An Aggressive Push for Clean Air
Effective July 1, 2026, the new policy aims for 30% of Delhi's entire vehicle fleet to be electric by 2030. To achieve this, it employs a multi-pronged strategy: hefty purchase subsidies, scrappage bonuses for old vehicles, 100% road tax and registration
fee waivers, and a massive expansion of charging infrastructure. Most significantly, the policy sets firm deadlines, banning new registrations of petrol and CNG auto-rickshaws from January 2027 and, in a landmark move, stopping all new petrol-powered two-wheeler registrations from April 1, 2028. This isn't a gentle nudge; it's a decisive shove towards an electric future, forcing a change in the market.
Biggest Winners: Two-Wheeler Riders
The most immediate and significant beneficiaries of this policy are Delhi’s millions of two-wheeler riders. Two-wheelers constitute nearly two-thirds of all vehicles in the capital and are a major source of emissions. The policy directly targets this segment with a purchase incentive of up to ₹30,000 in the first year, which tapers down in subsequent years. When combined with a ₹10,000 scrappage incentive for trading in an old BS-IV or older petrol scooter or bike, the upfront cost of a new electric two-wheeler is drastically reduced. Given the looming 2028 ban on new petrol two-wheelers, these financial cushions are designed to make the switch not just attractive, but almost inevitable for the average commuter.
A Lifeline for Gig and Delivery Workers
Another group set to gain enormously is the city's burgeoning population of gig and delivery workers. For them, a vehicle is a primary tool for earning a livelihood. The policy offers substantial incentives for electric three-wheelers (up to ₹50,000) and commercial goods carriers, which directly lowers their capital expenditure. While some worker unions have expressed concerns about the initial cost difference between CNG and electric autos and the readiness of charging infrastructure, the long-term operational savings on fuel and maintenance are a powerful draw.
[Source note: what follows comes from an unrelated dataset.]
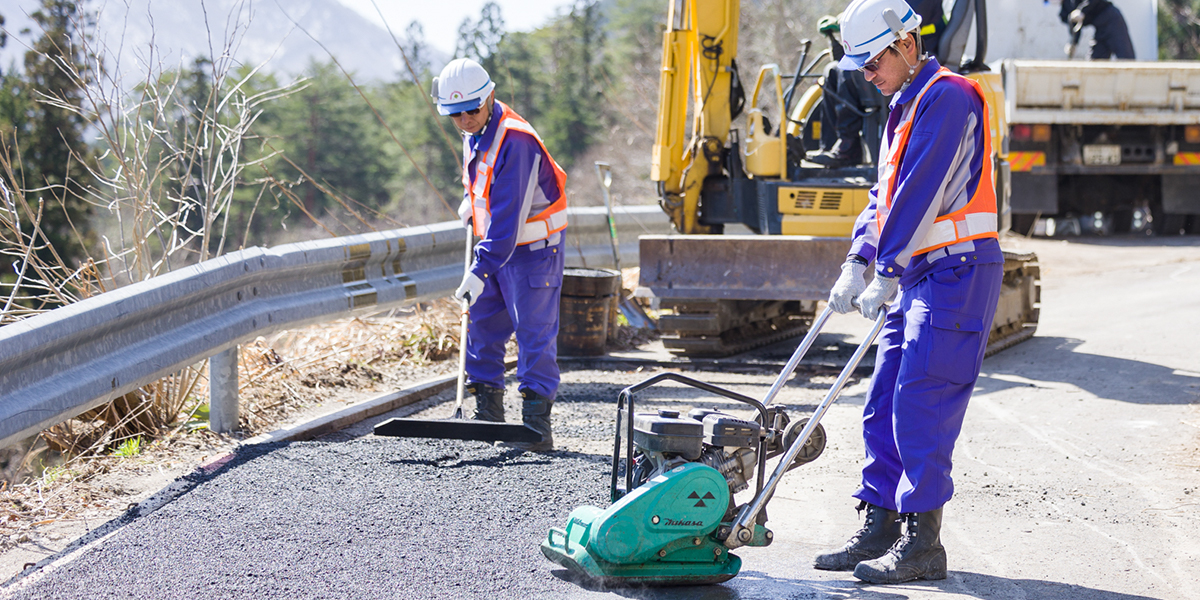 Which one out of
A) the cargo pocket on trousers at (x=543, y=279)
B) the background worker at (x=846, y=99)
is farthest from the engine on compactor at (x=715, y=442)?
the background worker at (x=846, y=99)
The government's plan to install around 32,000 public charging points aims to address the critical issue of 'range anxiety' and potential downtime that affects these workers' daily earnings.
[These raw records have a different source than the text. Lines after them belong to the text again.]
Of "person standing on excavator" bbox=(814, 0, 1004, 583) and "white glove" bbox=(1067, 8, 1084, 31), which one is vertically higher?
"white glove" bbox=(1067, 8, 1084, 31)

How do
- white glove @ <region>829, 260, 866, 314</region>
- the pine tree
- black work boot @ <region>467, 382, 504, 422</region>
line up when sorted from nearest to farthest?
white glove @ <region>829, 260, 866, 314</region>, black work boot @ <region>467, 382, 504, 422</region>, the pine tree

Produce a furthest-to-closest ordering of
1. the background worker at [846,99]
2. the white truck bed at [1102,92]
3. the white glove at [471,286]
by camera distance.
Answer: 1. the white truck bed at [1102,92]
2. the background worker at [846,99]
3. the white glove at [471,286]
A Calculated Nudge for Car Buyers
For four-wheeler buyers, the policy is more of a calculated nudge than a hard push. The government is offering a 100% waiver on road tax and registration fees for electric cars with an ex-showroom price under ₹30 lakh. Furthermore, a generous scrappage incentive of ₹1 lakh is available for the first 100,000 applicants who scrap an old petrol or diesel car to buy a new EV. However, direct purchase subsidies for cars have not been renewed, and the tax benefits do not apply to vehicles over the ₹30 lakh threshold, indicating a clear focus on mass-market adoption rather than the luxury segment. The decision to exclude hybrid vehicles from incentives further clarifies the government's all-in strategy for pure EVs.
The Ultimate Beneficiary: A Breathable Delhi
While individuals and commercial operators gain financially, the policy's ultimate goal is a collective one. By targeting the most numerous and polluting vehicle segments, the government is making its most aggressive attempt yet to combat the city's chronic air pollution. Every financial incentive and regulatory deadline is a tool aimed at reducing vehicular emissions, which are a primary contributor to Delhi's infamous smog. As one official noted, each EV delivers a 'double dividend' by cleaning the air for children and reducing India's reliance on imported fossil fuels. In the long run, if the policy succeeds in its ambitious targets, the biggest winner will be every resident of Delhi who gets to breathe cleaner air.